What you will read in this report:

§        How not to get ripped off when buying protection for your family.

§        How do you get the most for your money?  8 Clues to SAVE MONEY on your home insurance...

No

 Insurance Company Has the Lowest Price for Everyone!!!

  I expect that we all know deep down that it's not possible for any home insurance company - no matter what they claim in their ads - to offer the lowest price for every residence in every location. They may want you to think that, but it's just not true. Certainly, there are companies that are often among the lowest in most all cases. And there are companies that are usually among the highest. But no company has the lowest price for everybody.

* Clue.  Your Insurance Agency should be routinely (at least once a year) checking to see that the company they have you placed with, is still the best deal for you.

* Clue.  Also, be aware that prices fluctuate.  Sometimes companies "buy the market" with low prices that are actually below cost, to gain new consumers...with the intention of gradually - or not so gradually - increasing the premium until they are profitable.

Every company has a slightly different appetite for the risks it wants to take on. Some insurers want only very new or recently remodeled homes. Other companies specialize in insuring older, poorly maintained houses, since the premiums are so high. Most of the homes these companies insure have only limited coverage.

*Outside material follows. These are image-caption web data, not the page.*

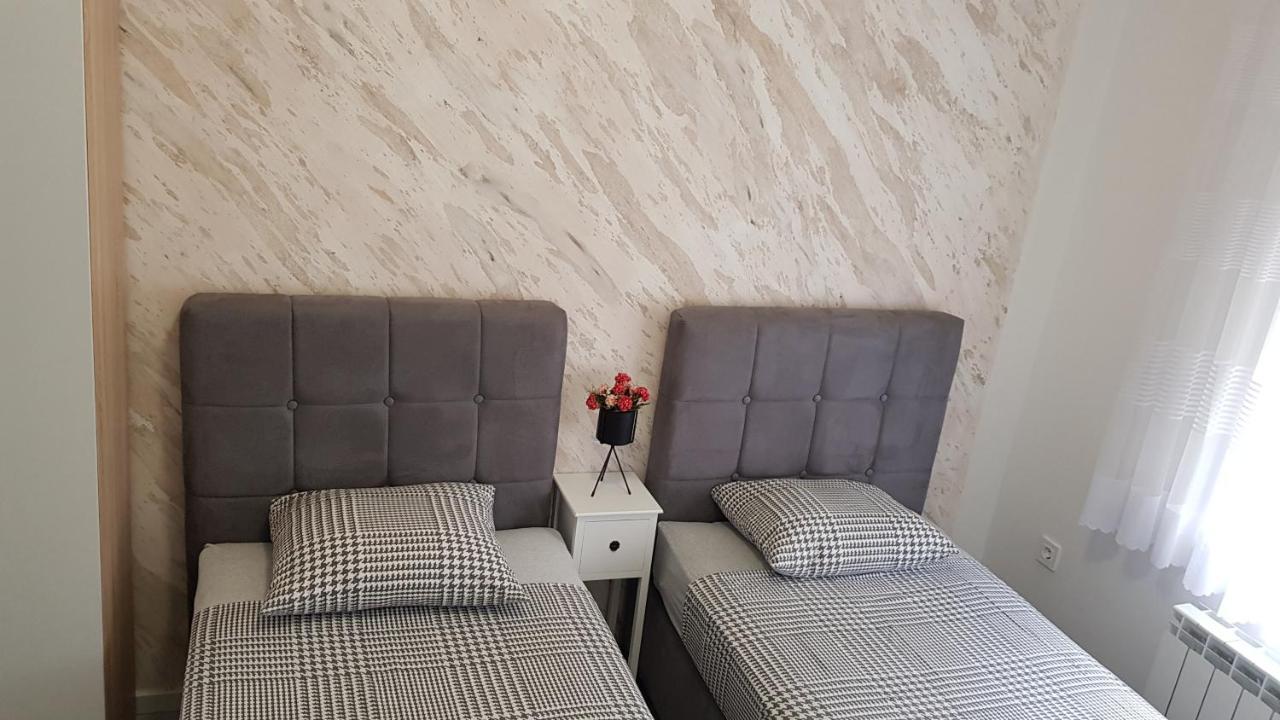 Kabashi Apartment Krk Town Dış mekan fotoğraf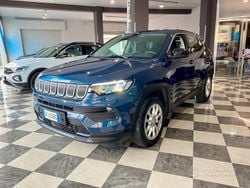 Blu Usata 2021 Jeep Compass Longitude SUV | 21.990 € (Buon prezzo)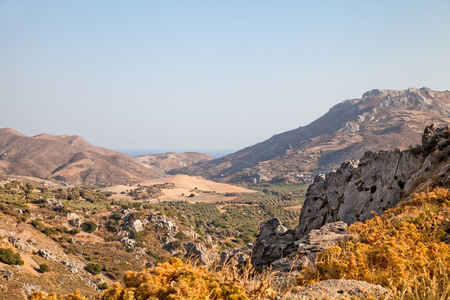 山风景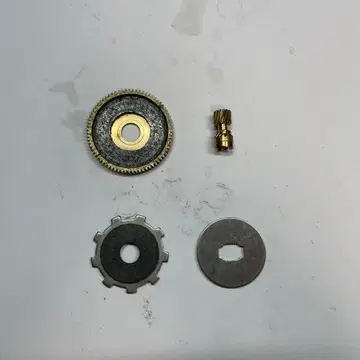 01 칼카타 컨퀘스트 100 오른쪽 기어 [관번 LQ]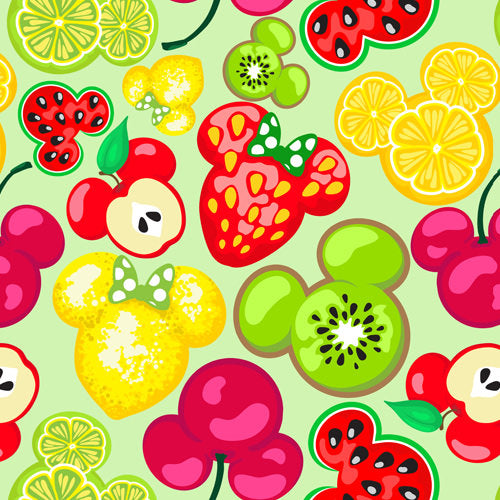 Mickey's Fruit Fiesta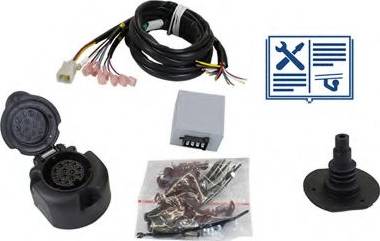 Rameder 107641 - Electric Kit, towbar car-mod.net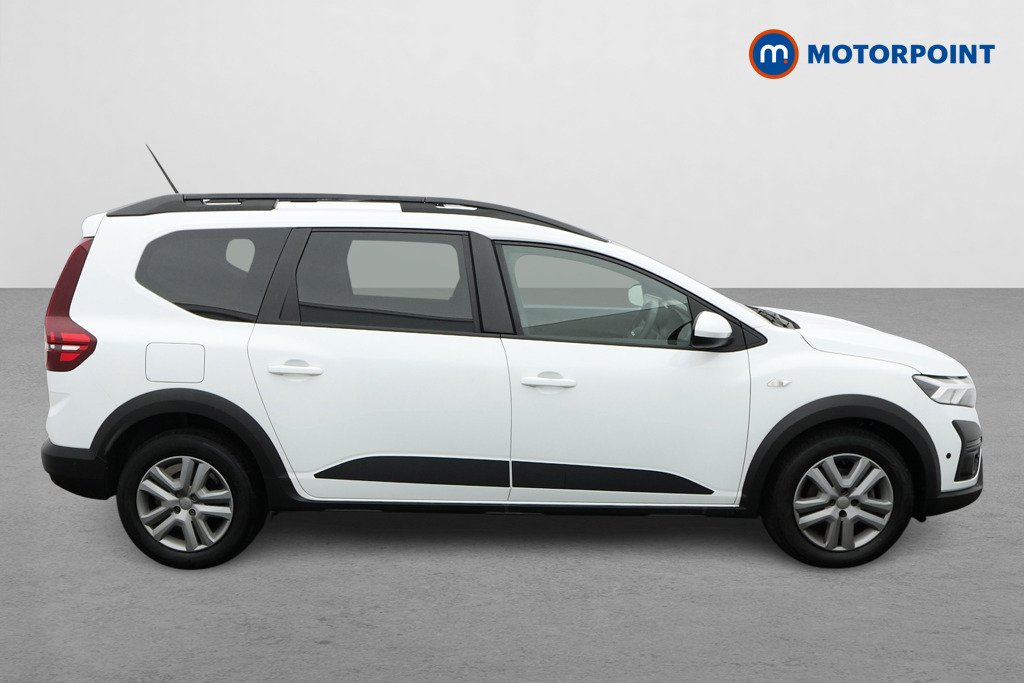 Dacia Jogger Expression Manual Petrol People Carrier - Stock Number (1580317) - Drivers side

Some companies target homes in certain areas. There are insurers that really like to do business in big cities, and there are others that would prefer to stay away from highly populated areas. Others want homes in high-risk area's, such as hurricane and tornado locations. Most companies do not want to insure in those areas.

* Clue.  Remember that sometimes "you get what you pay for."  The cheapest option may not provide you or your family with the best protection.  The saying goes, "you don't need insurance until you have a claim."  When you do have a claim - when something has gone wrong - that's a terrible time to discover you don't have adequate protection!           

* Note. An amazing 37% of all unpaid claims are due to dangerous gaps in insurance coverage. 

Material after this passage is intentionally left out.